ABSTRACT: Psoriasis vulgaris (PsV) is a common inflammatory and hyperproliferative skin disease. Up to 30% of people with PsV eventually develop psoriatic arthritis (PsA), an inflammatory musculoskeletal condition. To discern differences in genetic risk factors for PsA and cutaneous-only psoriasis (PsC), we carried out a genome-wide association study (GWAS) of 1,430 PsA case subjects and 1,417 unaffected control subjects. Meta-analysis of this study with three other GWASs and two targeted genotyping studies, encompassing a total of 9,293 PsV case subjects, 3,061 PsA case subjects, 3,110 PsC case subjects, and 13,670 unaffected control subjects of European descent, detected 10 regions associated with PsA and 11 with PsC at genome-wide (GW) significance.

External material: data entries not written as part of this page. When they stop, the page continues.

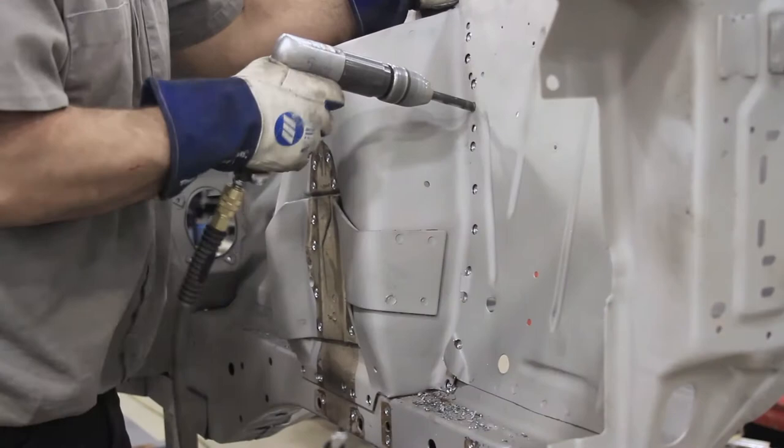Hi, my name is Dan Addy with Detroit Speed and I'm Mark McDonald, Fabricator here at Detroit Speed. Today we're going to show you how to install the Mustang aluminum frame.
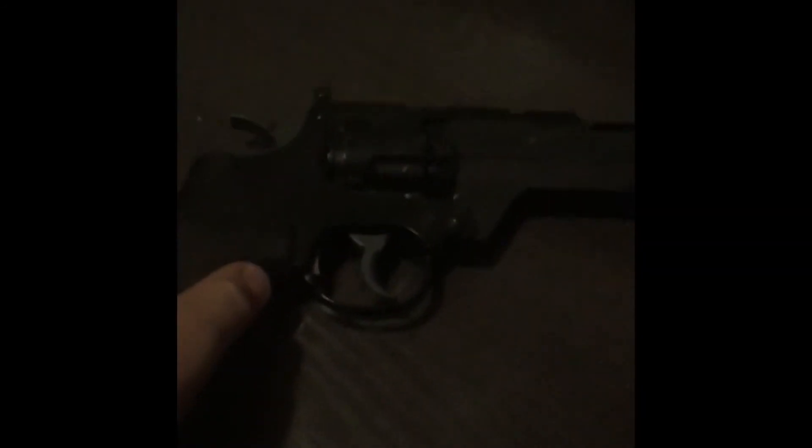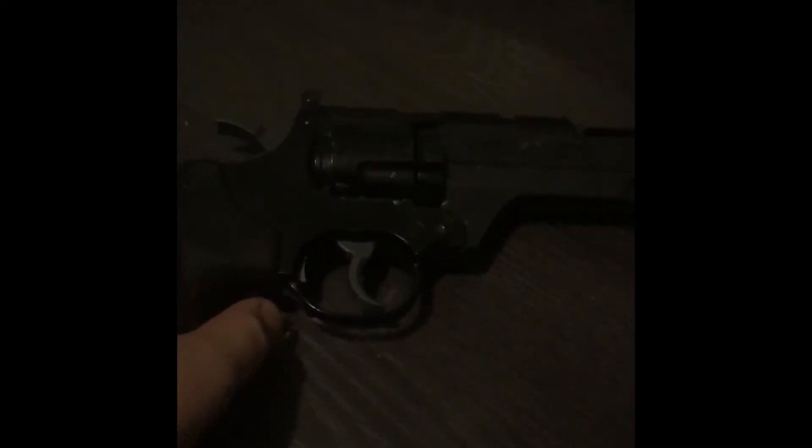Moving on, we got the revolver. Sorry I have a blackboard — it was a bad idea to put the black guns on the blackboard. This one is 490 FPS. It's CO2 powered, and the grips just come right off.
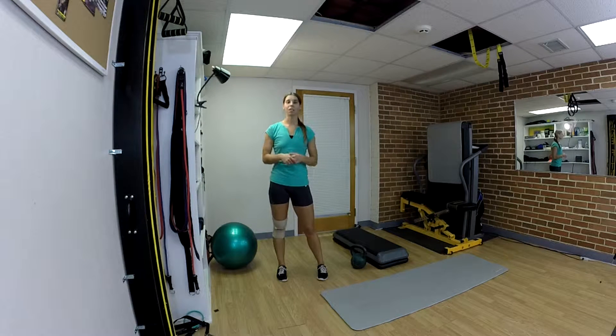Hi there everyone, it's Ashley bringing you a lower body workout. This is an interval workout where we'll be doing 45 seconds of work for each exercise followed by a 15 second break in between each exercise. So once you get yourself settled and squared away, we'll get started.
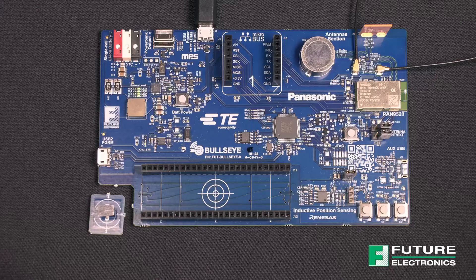Bullseye is a new development board designed by our very own System Design Center Engineers. It's an innovative new solution which showcases Panasonic's embedded 2.4 GHz Wi-Fi module, the Pan9520. It is based on Espressif's ESP32-S2 chipset and features a highly integrated controller which can be used in standalone or host controlled applications.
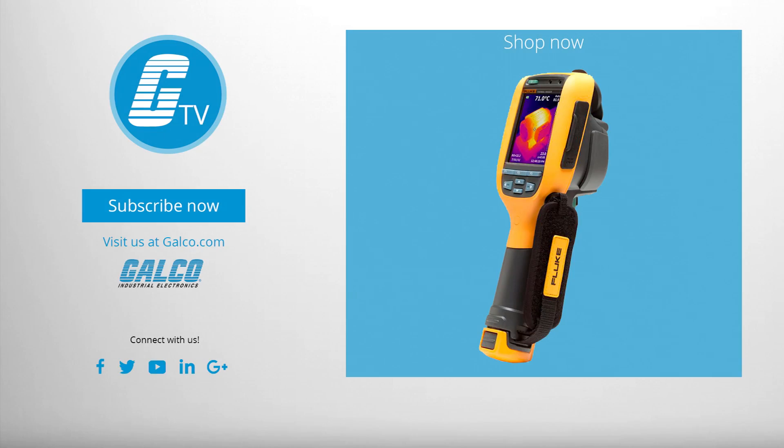For more on Fluke's TI-125 infrared camera, please visit us at galco.com.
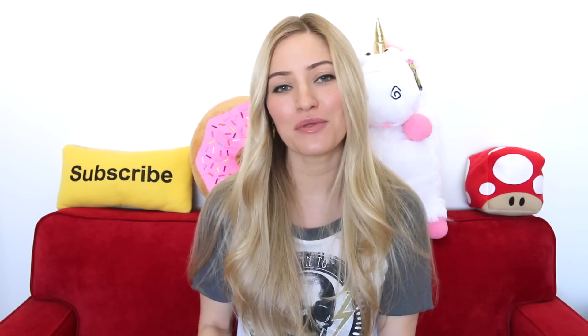Hey guys, happy Tech Tuesday! This is actually a review that I meant to do around Christmas time because these are sort of Christmassy type lights, but obviously I didn't do it. I've still got the lights and I wanted to show them to you and see what you guys think.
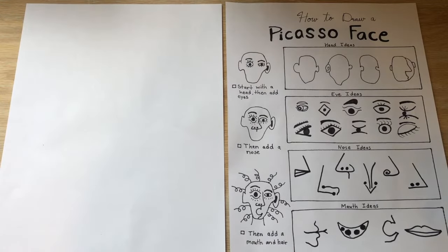Hello artists! Today we are going to learn how to draw Picasso faces.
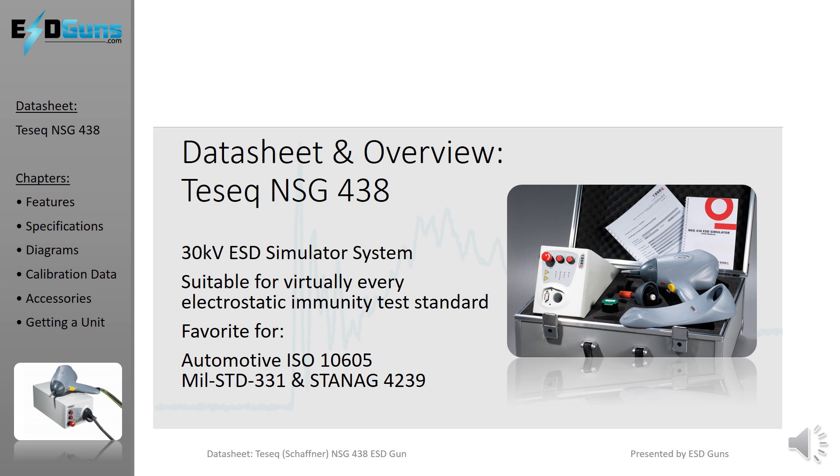This is the video datasheet series presented by ESD Guns — TESEC's NSG-438 30KV ESD simulator system. We are going to cover the unique features and capabilities, specifications, block diagrams, the output curves, as well as standard and additional accessories.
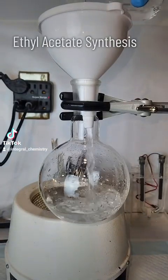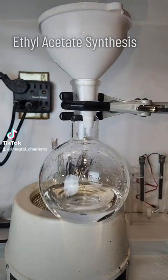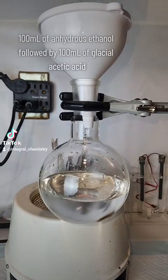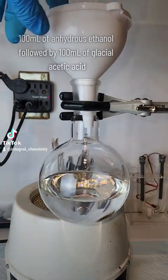Today I'm going to synthesize ethyl acetate, which is a powerful and water-immiscible solvent. I typically use it as a non-toxic alternative to DCM, as it has many of the same properties.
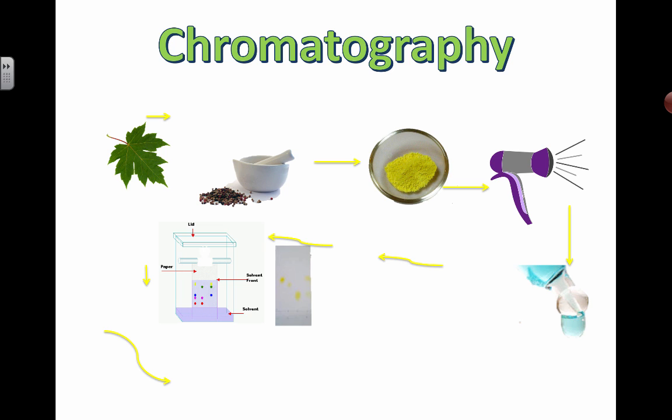One thing we can do with plants is we can actually try to extract the photosynthetic pigments that are in there. You might be thinking chlorophyll is the main one, but actually there's a bunch of different types. There are actually two different forms of chlorophyll, and there are other things like carotene and xanthophyll, depending on the type of plant you're looking at. One way to extract these and figure out what's in there is using a technique called chromatography.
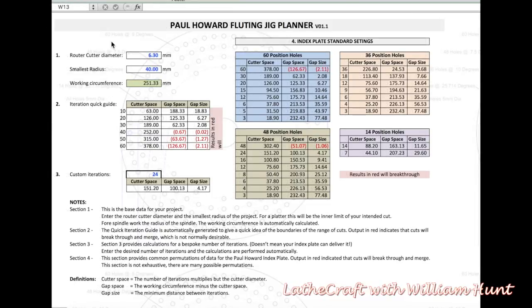There are four sections to the spreadsheet. In the first section we enter some basic data regarding our project: the router cutter diameter we want to use and the smallest radius of the piece. Typically the smallest radius will be the limit of the inner circle for faceplate work, or the radius of the spindle for spindle fluting. From this initial data the spreadsheet will automatically work out the circumference of your piece, giving us a working circumference for the project. Section two is a quick iteration guide — it gives you a rough idea of the options available to you based on the data you've entered.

Several of these association signals (IFNLR1, IFIH1, NFKBIA for PsA; TNFRSF9, LCE3C/B, TRAF3IP2, IL23A, NFKBIA for PsC) have not previously achieved GW significance. After replication, we also identified a PsV-associated SNP near CDKAL1 (rs4712528, odds ratio [OR] = 1.16, p = 8.4 × 10(-11)). Among identified psoriasis risk variants, three were more strongly associated with PsC than PsA (rs12189871 near HLA-C, p = 5.0 × 10(-19); rs4908742 near TNFRSF9, p = 0.00020; rs10888503 near LCE3A, p = 0.0014), and two were more strongly associated with PsA than PsC (rs12044149 near IL23R, p = 0.00018; rs9321623 near TNFAIP3, p = 0.00022). The PsA-specific variants were independent of previously identified psoriasis variants near IL23R and TNFAIP3. We also found multiple independent susceptibility variants in the IL12B, NOS2, and IFIH1 regions. These results provide insights into the pathogenetic similarities and differences between PsC and PsA.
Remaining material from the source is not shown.